_Activity_
Within the records that follow, restate exactly the lines from the line with "Lenovo V15 G4" down to the line with "Лонгслив 5.10.15, цвет розовый", including both. Omit the pictures.

_Information shown_
____________
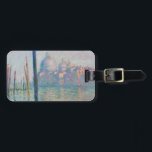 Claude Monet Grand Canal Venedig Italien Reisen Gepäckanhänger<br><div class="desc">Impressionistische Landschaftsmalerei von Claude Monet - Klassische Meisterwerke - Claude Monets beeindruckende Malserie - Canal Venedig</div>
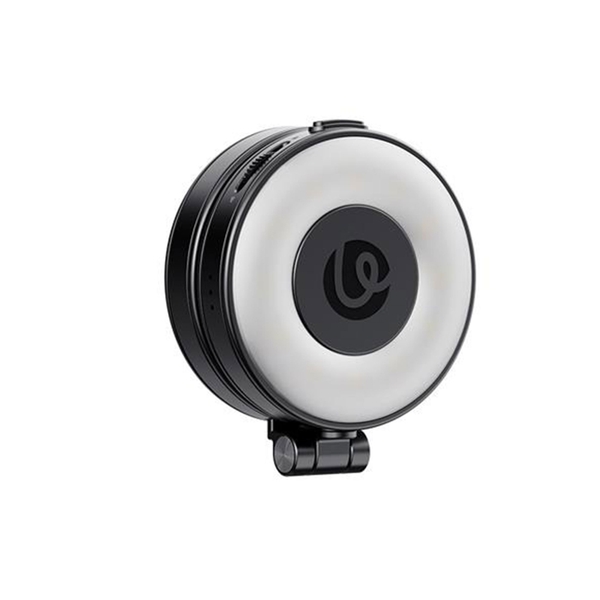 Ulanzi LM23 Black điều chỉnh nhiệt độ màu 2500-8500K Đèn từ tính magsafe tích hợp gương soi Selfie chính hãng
____________
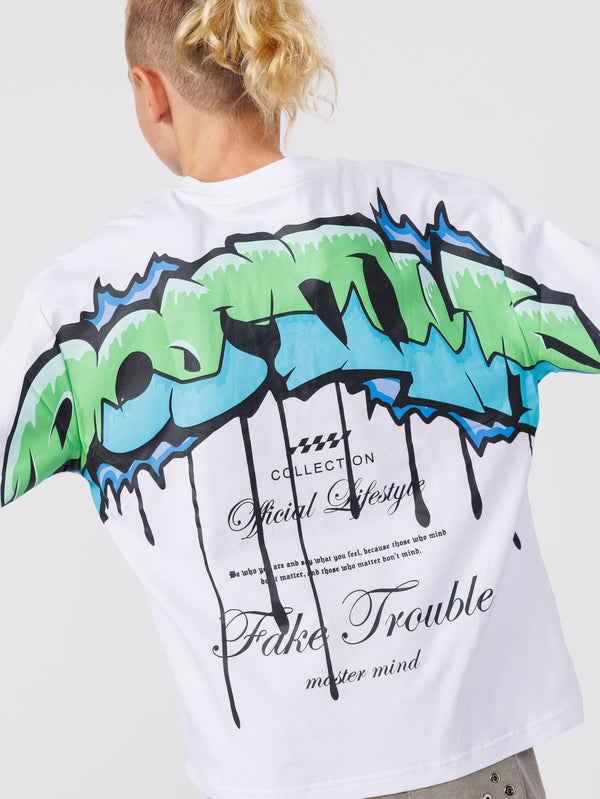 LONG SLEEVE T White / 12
____________
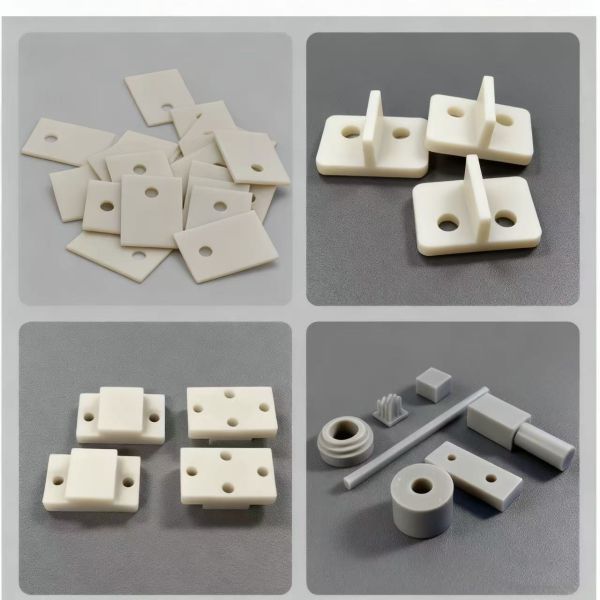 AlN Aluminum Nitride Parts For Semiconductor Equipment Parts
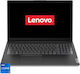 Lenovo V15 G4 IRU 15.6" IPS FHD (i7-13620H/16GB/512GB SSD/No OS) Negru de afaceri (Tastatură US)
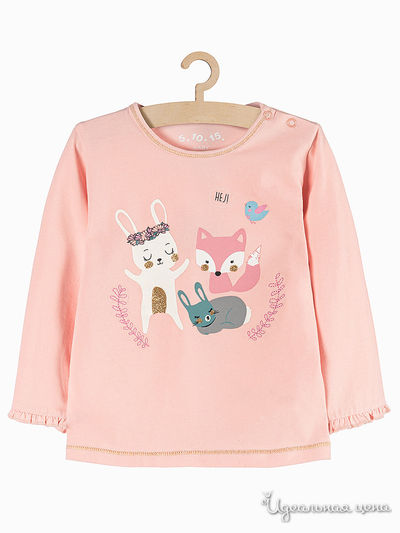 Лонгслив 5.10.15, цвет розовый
____________
_Written solution_
 Lenovo V15 G4 IRU 15.6" IPS FHD (i7-13620H/16GB/512GB SSD/No OS) Negru de afaceri (Tastatură US)
 Лонгслив 5.10.15, цвет розовый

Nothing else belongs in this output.